Why are the roots of this recursive defined polynomial bound by the roots of the discriminant of the characteristic polynomial

characteristic polynomialdiscriminantpolynomialsrecursionroots

Let's define a polynomial recursively as:

$$
\begin{align}
p_0(x) &= 1 \\
p_n(x) &= x \sum\limits_{k=1}^n a_k p_{n-k}(x)
\end{align}
$$

Let $a_k$ be an arithmetic progression.

Question: Why are the roots of $p_n(x)$ bound by the roots of the discriminant of the characteristic polynomial of $p_n(x)$?

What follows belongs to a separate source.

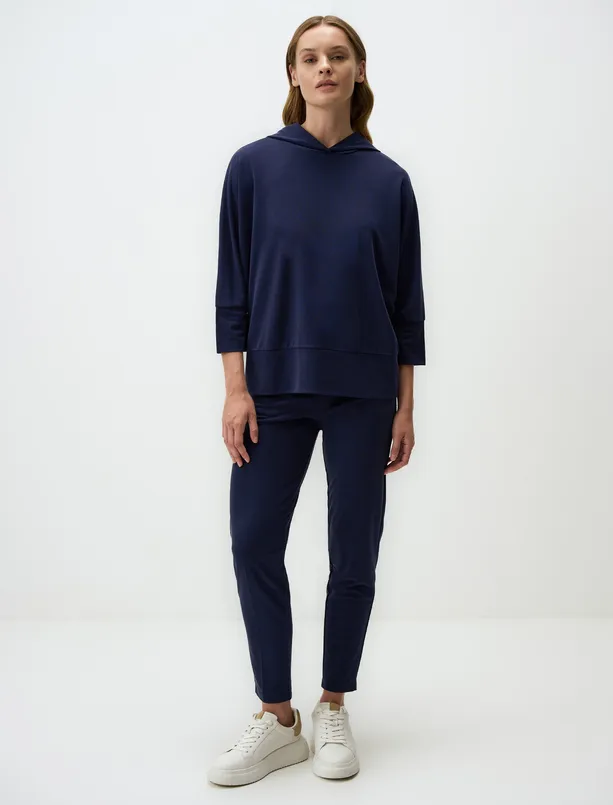 Women Dark Blue Loose Fit Trouser Sleeve Hooded Knitted Sweatshirt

Here some steps I did so far:

1. Simplification of the recursion

A general formula for the arithmetic progression is: $a_n = a_{n-1} + d = a_1 + (n-1) d$

$$
\begin{align}
p_n(x) &= x \sum\limits_{k=1}^n a_k p_{n-k}(x) = a_1 x p_{n-1}(x) + x \sum\limits_{k=2}^n a_k p_{n-k}(x) \\
&= x a_1 p_{n-1}(x) + x \sum\limits_{k=2}^n a_{k-1} p_{n-k}(x) + xd \sum\limits_{k=2}^n p_{n-k}(x) \\
&= (a_1x+1) p_{n-1}(x) + xd \sum\limits_{k=2}^n p_{n-k}(x) \\
&= (a_1x+1) p_{n-1}(x) + xd p_{n-2}(x) + xd \sum\limits_{k=3}^n p_{n-k}(x) \\
&= (a_1x+2) p_{n-1}(x) + xd p_{n-2}(x) -(a_1x+1)p_{n-2}(x) \\
&= (a_1x+2) p_{n-1}(x) + \left[(d-a_1)x-1\right] p_{n-2}(x) \\
\end{align}
$$

2. Root of the discriminant $\Delta_{\lambda}$ of the characteristic polynomial $\chi(\lambda)$

$$
\begin{align}
\chi(\lambda) &= \lambda^n – (a_1x+2) \lambda^{n-1} – \left[(d-a_1)x-1\right] \lambda^{n-2} = 0 \\
&= \lambda^2 – (a_1x+2) \lambda – \left[(d-a_1)x-1\right] = 0 \\
\Delta_{\lambda} &= (a_1x+2)^2 + 4\left[(d-a_1)x-1\right] = a_1^2x^2 + 4a_1x + 4 + 4dx – 4a_1x – 4 \\
&= (a_1^2 x + 4d)x \\
x_1 &= 0 \\
x_2 &= -\frac{4d}{g_1^2}
\end{align}
$$

Let $x_0$ be a root of $p_n(x)$ such that $p_n(x_0) = 0$ then

$$
-\frac{4d}{a_1^2} < x_0 \leq 0, \forall d, a_1, n
$$

EDIT: There was a mistake in the simplification process of the recurrence relation. I corrected it. It influenced the result for the calculation of the roots of the discriminant. Therefore the accepted answer was using my wrong calculation. But the answer is still applicable as the inequality was still holding.

Best Answer

The characteristic polynomial is crucial to understanding how the function behaves because of how the difference equation works. This answer assumes you are very comfortable with the basics of linear difference equations and that have a good theoretical grasp of how functions work.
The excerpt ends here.